Extracted records
● ● ● ● ● ● ●
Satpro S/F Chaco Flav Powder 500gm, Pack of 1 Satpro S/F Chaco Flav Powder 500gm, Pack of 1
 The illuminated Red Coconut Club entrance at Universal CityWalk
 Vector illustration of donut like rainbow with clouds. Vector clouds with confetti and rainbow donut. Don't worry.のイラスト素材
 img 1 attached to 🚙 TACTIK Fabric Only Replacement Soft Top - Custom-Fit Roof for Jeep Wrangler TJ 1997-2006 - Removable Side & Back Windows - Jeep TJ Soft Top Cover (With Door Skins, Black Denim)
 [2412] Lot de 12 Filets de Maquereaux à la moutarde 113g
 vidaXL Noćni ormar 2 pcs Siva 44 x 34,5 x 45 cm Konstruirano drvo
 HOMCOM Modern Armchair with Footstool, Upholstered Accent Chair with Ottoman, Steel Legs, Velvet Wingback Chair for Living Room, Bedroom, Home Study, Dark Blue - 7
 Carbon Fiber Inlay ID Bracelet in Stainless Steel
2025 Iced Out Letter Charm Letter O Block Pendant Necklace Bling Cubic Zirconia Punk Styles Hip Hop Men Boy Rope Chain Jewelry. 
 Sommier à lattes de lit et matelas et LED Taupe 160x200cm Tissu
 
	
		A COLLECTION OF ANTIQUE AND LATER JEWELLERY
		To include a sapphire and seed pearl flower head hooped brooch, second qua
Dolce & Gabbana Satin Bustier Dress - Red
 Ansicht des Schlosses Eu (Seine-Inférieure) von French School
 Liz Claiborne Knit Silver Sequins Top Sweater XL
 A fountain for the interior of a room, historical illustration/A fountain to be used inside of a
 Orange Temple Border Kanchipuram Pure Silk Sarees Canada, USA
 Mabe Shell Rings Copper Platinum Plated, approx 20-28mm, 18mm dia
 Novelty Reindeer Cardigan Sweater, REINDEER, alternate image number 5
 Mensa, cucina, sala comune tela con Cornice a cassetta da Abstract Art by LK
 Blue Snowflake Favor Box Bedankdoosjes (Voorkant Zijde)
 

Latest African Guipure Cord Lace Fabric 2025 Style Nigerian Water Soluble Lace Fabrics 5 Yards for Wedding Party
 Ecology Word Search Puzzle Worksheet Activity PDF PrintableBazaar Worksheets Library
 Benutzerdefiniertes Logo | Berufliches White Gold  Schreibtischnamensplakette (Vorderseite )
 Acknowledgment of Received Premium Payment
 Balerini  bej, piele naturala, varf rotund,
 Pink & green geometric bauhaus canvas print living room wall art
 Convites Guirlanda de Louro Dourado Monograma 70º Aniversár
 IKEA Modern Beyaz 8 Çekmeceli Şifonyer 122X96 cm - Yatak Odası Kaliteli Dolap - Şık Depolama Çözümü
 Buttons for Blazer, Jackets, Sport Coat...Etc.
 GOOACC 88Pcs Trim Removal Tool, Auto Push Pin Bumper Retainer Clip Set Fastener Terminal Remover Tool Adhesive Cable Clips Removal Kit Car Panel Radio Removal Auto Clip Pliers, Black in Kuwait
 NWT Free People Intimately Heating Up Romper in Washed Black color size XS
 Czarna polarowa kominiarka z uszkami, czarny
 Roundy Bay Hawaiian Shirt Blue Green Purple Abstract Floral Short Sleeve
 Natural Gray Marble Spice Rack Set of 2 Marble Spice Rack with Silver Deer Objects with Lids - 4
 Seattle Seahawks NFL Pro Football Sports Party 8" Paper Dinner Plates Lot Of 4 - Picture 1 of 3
● ● ● ● ● ● ●
** What to produce **
In the data above, find each line that has the word "Fabric" and copy it out.

** Output for this exercise **
 img 1 attached to 🚙 TACTIK Fabric Only Replacement Soft Top - Custom-Fit Roof for Jeep Wrangler TJ 1997-2006 - Removable Side & Back Windows - Jeep TJ Soft Top Cover (With Door Skins, Black Denim)
Latest African Guipure Cord Lace Fabric 2025 Style Nigerian Water Soluble Lace Fabrics 5 Yards for Wedding Party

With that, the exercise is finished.